# Cooking the starch flavor out



## jellly (Jan 3, 2005)

I am testing a butterscotch pudding recipe and I love the flavor except for a lingering starch flavor/texture I get at the end.  I remade it today and stirred it at a simmer for 2 1/2 minutes, but I still notice the starch.  The ratio of starch seems fine, because it isn't as thick as pastry cream.  What am I missing?  2 1/2 minutes at a simmer should be long enough.


----------



## chefwriter (Oct 31, 2012)

What kind of starch?


----------



## jellly (Jan 3, 2005)

Cornstarch.


----------



## laurenlulu (Sep 9, 2012)

More egg yolks


----------



## flipflopgirl (Jun 27, 2012)

I became a huge fan of the blog prolly a decade ago .
The author is a huge fan of butterscotch and as I am kinda partial to it as well I saved the blog to my favorites.
Well I never got around to making it but the recipe is still there.
Maybe she she shares some sort of magical trix lol.

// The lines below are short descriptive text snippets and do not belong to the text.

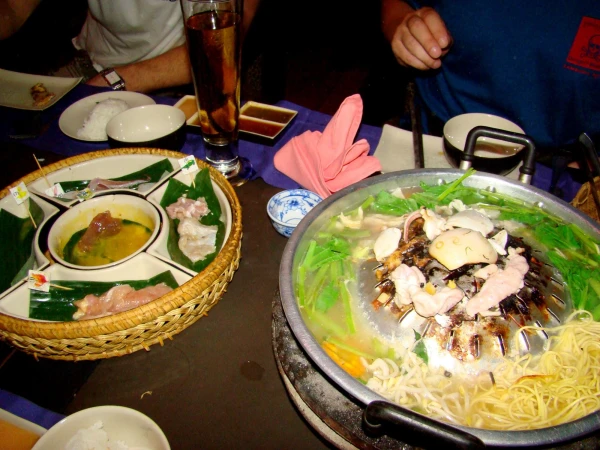 Cambodian B.B.Q. - курица, говядина, змея, крокодил и кальмар
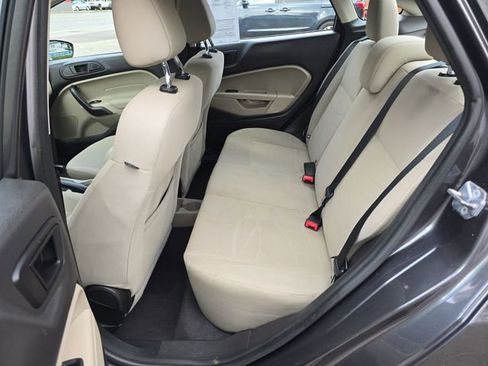 Used 2017 Ford Fiesta SE image 22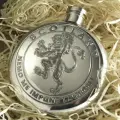 Фляжка круглая из британского пьютера Геральдический лев на Щите- 6oz Round Lion Rampant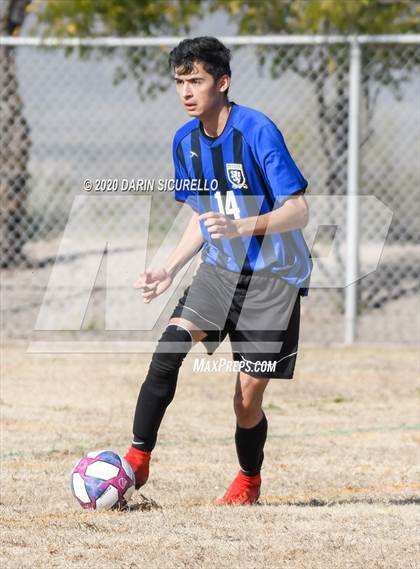 Thumbnail 1 in Fountain Hills vs Mesquite (Bohdie Larson Celebration Classic) photogallery.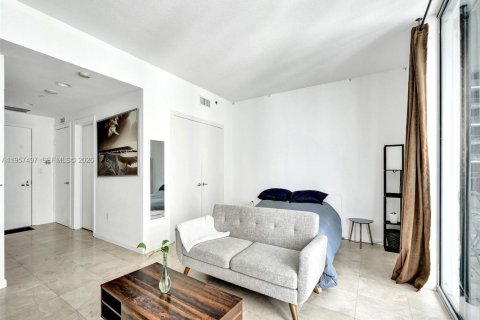 Condominio en venta en Miami, Florida, 56.11 m2 № 2011333 - foto 11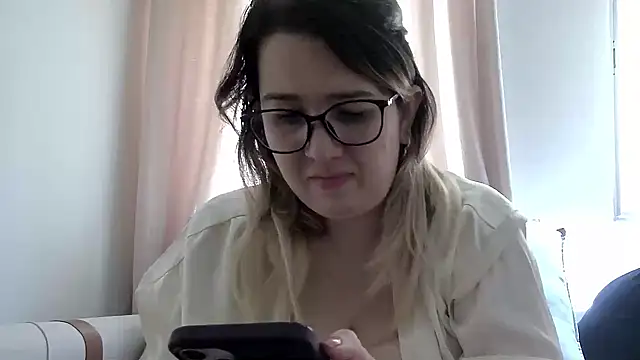 amooraaamoon online show from 10.08.25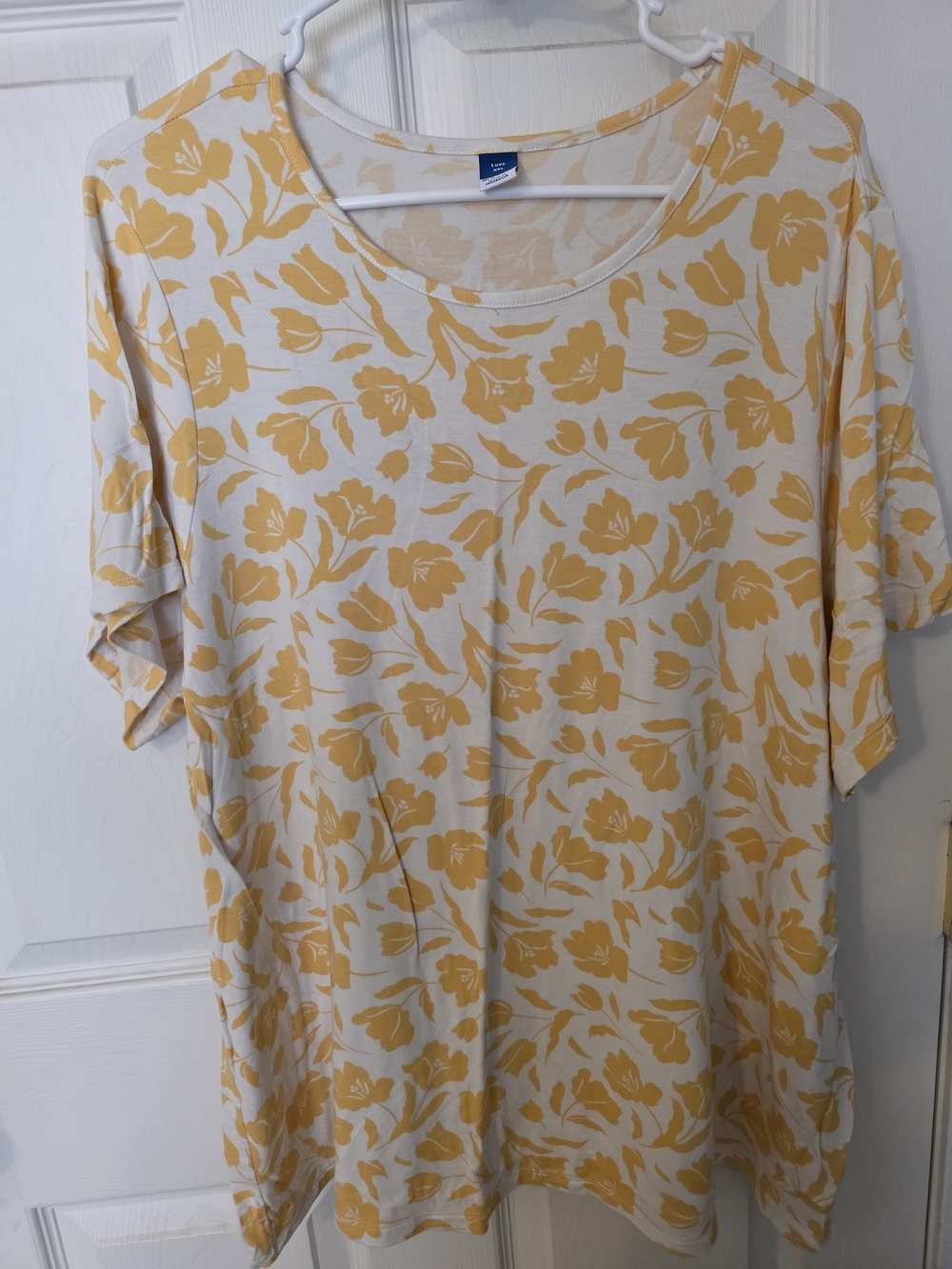 Lot Of 8 Oldnavy Tops. All Size Xxl.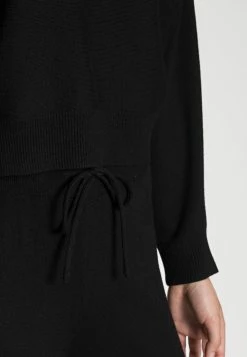 Remise 💯 Even&Odd SET BAT SHAPE LOUNGE - Pullover Prix d’Amis pulls et gilets haute femme 🛒 -Even&Odd Soldes Boutique 3227c979dc624de38083e0df48a3261c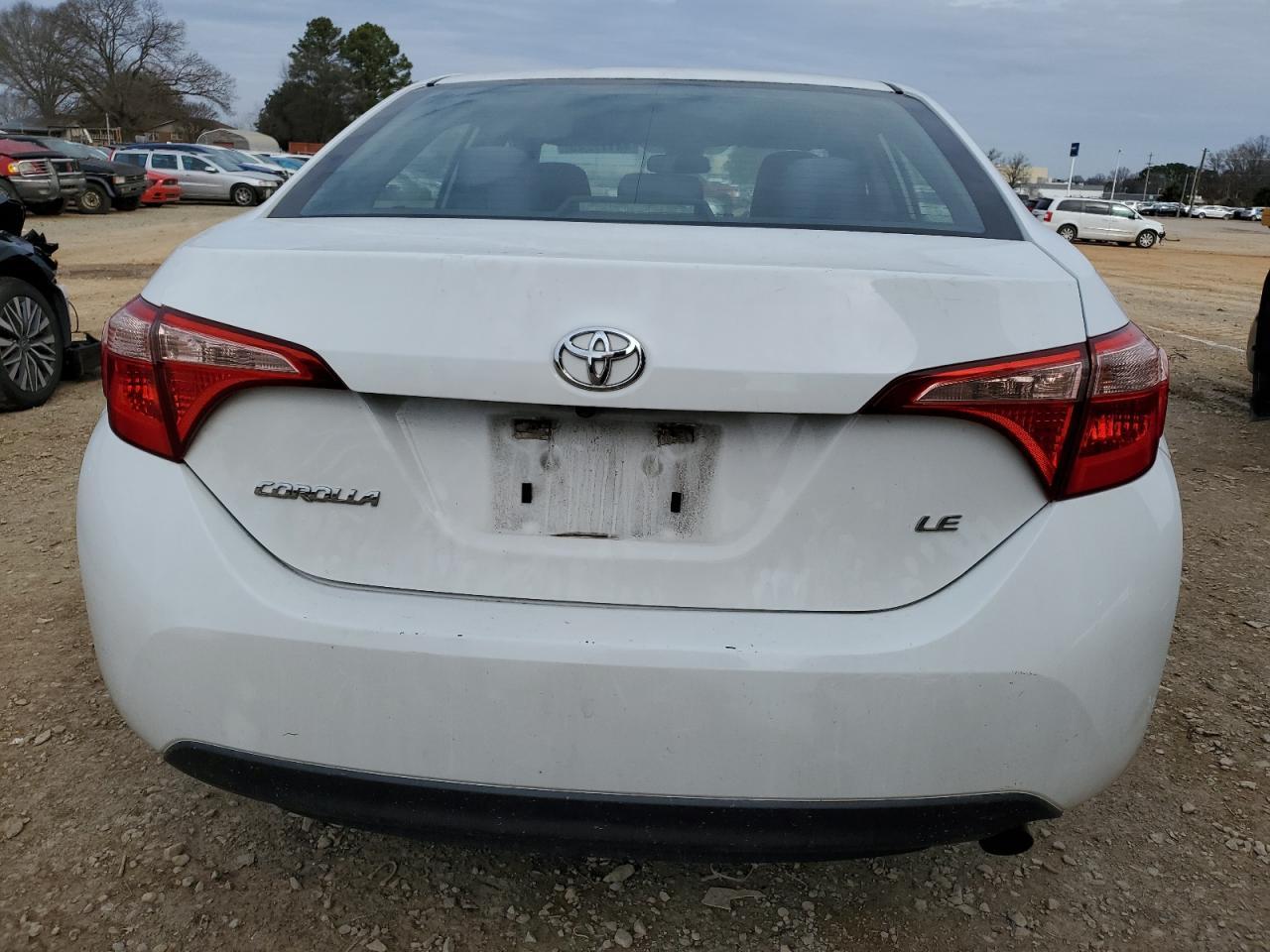 2018 TOYOTA COROLLA L - Image 6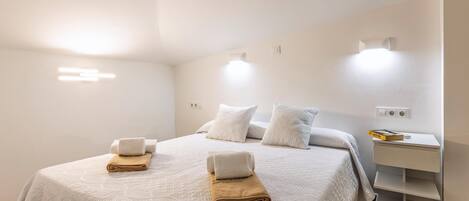 4 Schlafzimmer, Bügeleisen/Bügelbrett, WLAN, Bettwäsche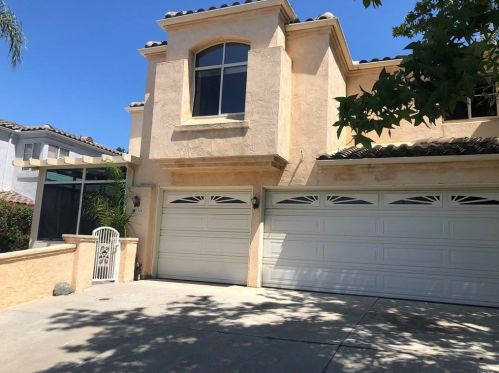 1549 Sapphire Ln, Vista, CA 92081-8807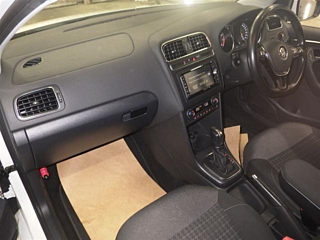 VOLKSWAGEN POLO 2015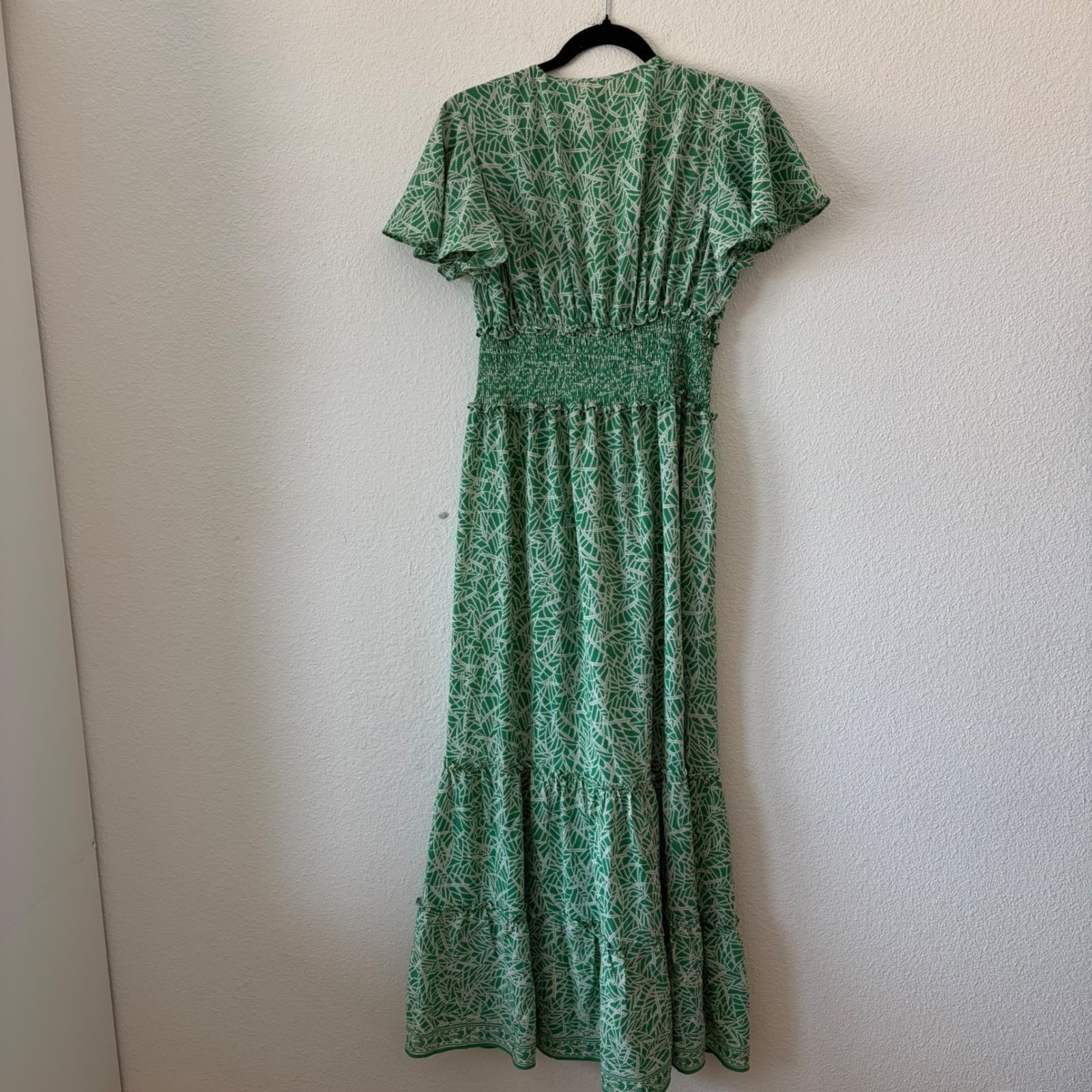 Max Studio Maxi Dress Womens Medium Green White Geometric Leaf Smocked Tiered - Thumbnail 5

Currently on my IPad and am hopeless when I try to post a link but let me know and I will gladly try a cut and paste.

mimi

OT but is that a wedding dress I see on Lauren?


----------



## jellly (Jan 3, 2005)

I've never seen that blog, flipflopgirl, thank you.  It looks great.


----------



## laurenlulu (Sep 9, 2012)

@flipflopgirl HA! Why yes, I have been removed from the meat market. LOL Life is beautiful.


----------



## Chrisopotamus (Jul 12, 2017)

I don't see a link to the recipe. Re-share?


----------